Our Statistical Analysis of Registration Data

As we promised in the last blog entry, we developed a thorough statistical analysis of the course registration data heavily based upon visual representations. Our statistical analysis included topics such as spider-web based histograms, mean, standard deviation, and p-values.

Spider-Web Analysis

We implemented the spider-web diagram to show the average number of classes in each subject category students of different majors took. Overall, it is a fancy histogram that visually represents data with methods such as below.

The major advantage to having a spider diagram is that visual comparisons of how students in each majors took different subject classes become very easy. Each shape symbolizes a major, and a student can easily identify with a major, and either choose to intentionally follow the average trend, or go against it, depending on their preferences.

In the figure below, we can see the average spider plots for students in each major. Unsurprisingly, students in a particular major program tend to have enrolled in a greater number of classes related to their field of interest. One unexpected trend is that Bioengineering majors take a high number of design classes.

Mean and Standard Deviation

The mean and standard deviation of data are a staple in statistics. For the Olin student course registration dataset, we found the mean and standard deviation for two different scenarios: the number of students in each course, and the ‘year’ the student was when taking the course.

Taking the mean and standard deviation of the number of students in each course will aid in the students compare such values for different classes once graphically visualized. Students may smaller classes in the case of wanting a more engaging professor-student interaction, while larger classes can offer more student discussion.
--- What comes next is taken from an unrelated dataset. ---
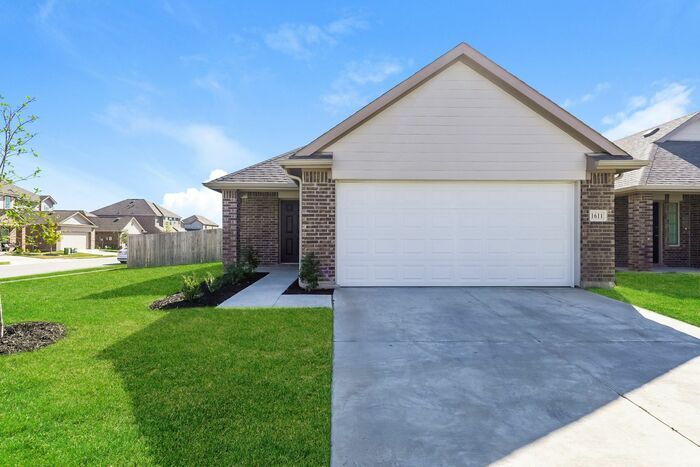 1611 Matthew Dr in Ennis, TX - Building Photo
Students can now know which classes offer which as they make their choice, as shown with the graph below.

The mean and standard deviation of the ‘year’ (or grade) students took courses may offer additional insight especially useful for course selection. By observing the mean year, students can know which year the majority of students take a certain class, and if the student has a good chance in receiving a spot in the class in their current year. The standard deviation offers information on how diverse different classes are in terms of ‘year,’ particularly useful for students seeking such experiences.

Biased PMF

At Olin College, students often receive the majority of information and advice through word of mouth. However, such rumors over-represent certain classes and under-represent others, as shown by the graph below.
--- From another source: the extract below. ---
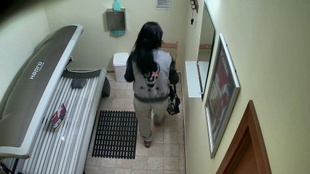 1. Download full pics of Tattooed Girl Rocks the Solarium from czechsolarium.com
Below we look through every semester since the beginning of Olin. The green bar represents what the average course size of Olin is from the point of view of students, while the blue bar represents the actual average course size at Olin. This bias occurs as more students take courses with more people (obviously) and therefore there is a redundance in count, causing a perceived larger average course size at Olin.

Major p-value

The p-value of a dataset is often used for determining whether or not an an event occurred by chance given that a null hypothesis is true. The null hypothesis is a conservative hypothesis about a data set. For example, we ran a p-value test with our course registration dataset, where we observed the relationship between a student’s major and the likelihood of the student taking a course.
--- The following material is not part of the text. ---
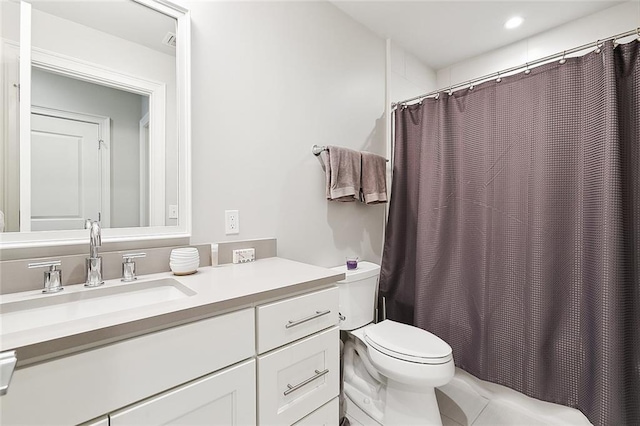 731 St Charles Ave Unit 311, New Orleans, LA 70130 - full bathroom with toilet, a shower with curtain, vanity, and recessed lighting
In this case, the null hypothesis is that there are no relationships between student majors and the courses taken. We then analyzed the trend of courses taken by students of the ECE major and computed the p-value for a few set of courses, as the bar graph shows below.

The bar graph shows that given the null hypothesis (no relation between courses and major) are true, the odds of an ECE major student taking such courses are as such. In a way, the graph makes a lot of sense, as required ECE courses such as Signals and Systems have an exceedingly low p-value. This information can help students identify what courses must be taken during their years at Olin. On the other hand, some classes with slightly higher p-values may indicate that those classes are not required, but are preferred for ECEs as they may offer great complementary knowledge and skills.

Decision on Final Output

After the plethora of statistical analysis we performed, we figured that creating a tool where the user/student is given such statistical information will be most useful. Although we initially wanted to gear towards a lot of machine learning and a course recommendation system, given the very change and evolution based aspects of the Olin curriculum, we believed that such a tool will be outdated very quickly.

The decision our team has to make now regards the medium of presentation. Currently, we are leaning towards developing a web tool, based upon D3. However, privacy and accessibility of the student registration data is still an issue, and we will have to encrypt, or creatively manipulate the system in order to maintain both privacy and usefulness of the tool.